Snapshot mid-stampede (all same root):

86330   11.7%  codedb /Users/.../openclaw cli-daemon
86519    1.5%  codedb /Users/.../openclaw cli-daemon
86622    0.0%  codedb /Users/.../openclaw cli-daemon
86957   15.7%  codedb /Users/.../openclaw cli-daemon
86963   10.8%  codedb /Users/.../openclaw cli-daemon
...        (PPID 1 — orphaned; spawning CLI calls long gone)

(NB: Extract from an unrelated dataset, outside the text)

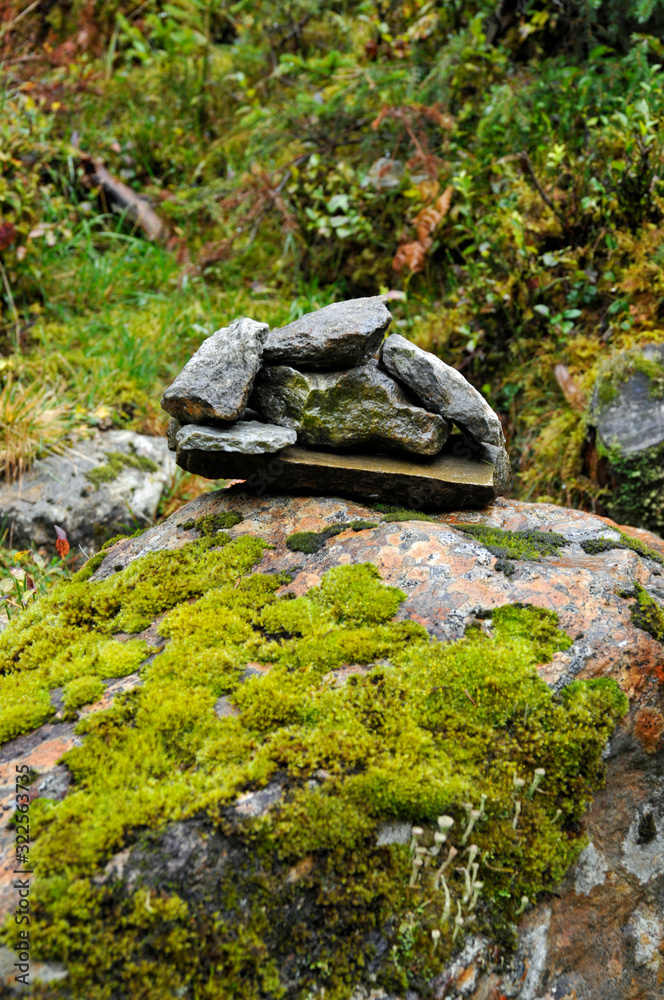 feuchte steine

Once poisoned, even single serial calls intermittently pay a full ~15s rebuild until the orphans are killed (pkill -f cli-daemon) and one fresh daemon settles.

Expected

Daemon spawn should be mutually exclusive per project (lockfile / atomic socket bind): exactly one daemon ever spawns, racing callers wait on the winner, and a daemon that loses the race exits instead of lingering.

Workaround

We cap engram's batch concurrency at 16 and treat it as a hard ceiling, but the safe number is presumably machine/repo dependent — a proper spawn lock would remove the cliff entirely.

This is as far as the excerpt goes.